Comment Re:Remote Stations (Score 1) 123
Does this result in noticeable input latency that you can feel through gaming, similar to the sort of input drifting feeling you get with wireless peripherals?
No. According to the USB spec, maximum allowed round-trip latency to any peripheral (regardless of the number of hubs) is 1.5 microseconds, many orders of magnitude below what a human being could sense. Electricity will propagate over a 32' cable in around 50ns, another couple orders of magnitude smaller still.
Also, do you use hubs on the end for the keyboard/mouse or do you run a separate cable for each one? If you use hubs, have you run into issues with using them? Do you have gaming quality peripherals on the end as well (high dpi and polling mice and high poll rate keyboards)?
I have a hub attached to each one, with a cheap keyboard and a Logitech MX518 mouse. Guests are welcome to bring their own peripherals if they so choose.
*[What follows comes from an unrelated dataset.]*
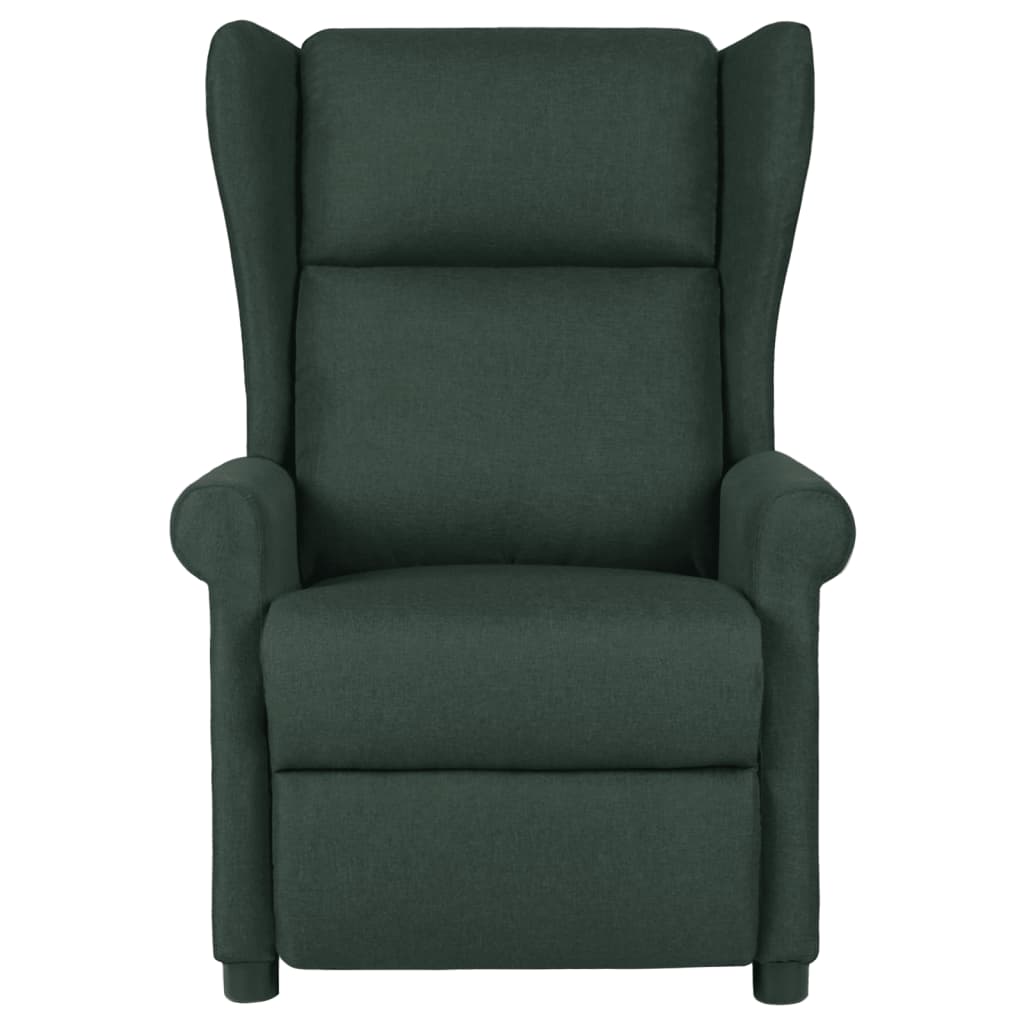 Fauteuil verstelbaar stof donkergroen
I ask as gaming peripherals tend to put more strain on USB connections then normal peripherals and can crap them out when they're operating on the edge (like the 32' repeater you mentioned). They draw more power and operate close to limitations of the spec in terms of latency.
The hubs are powered. They are USB 2.0, so they support many orders of magnitude more bandwidth than you could ever generate with a keyboard or mouse.
With all due respect, I think you're been fooled into believing the marketing of some companies that want to sell you expensive placebos. Keyboards are just not a significant source of latency in any gaming setup.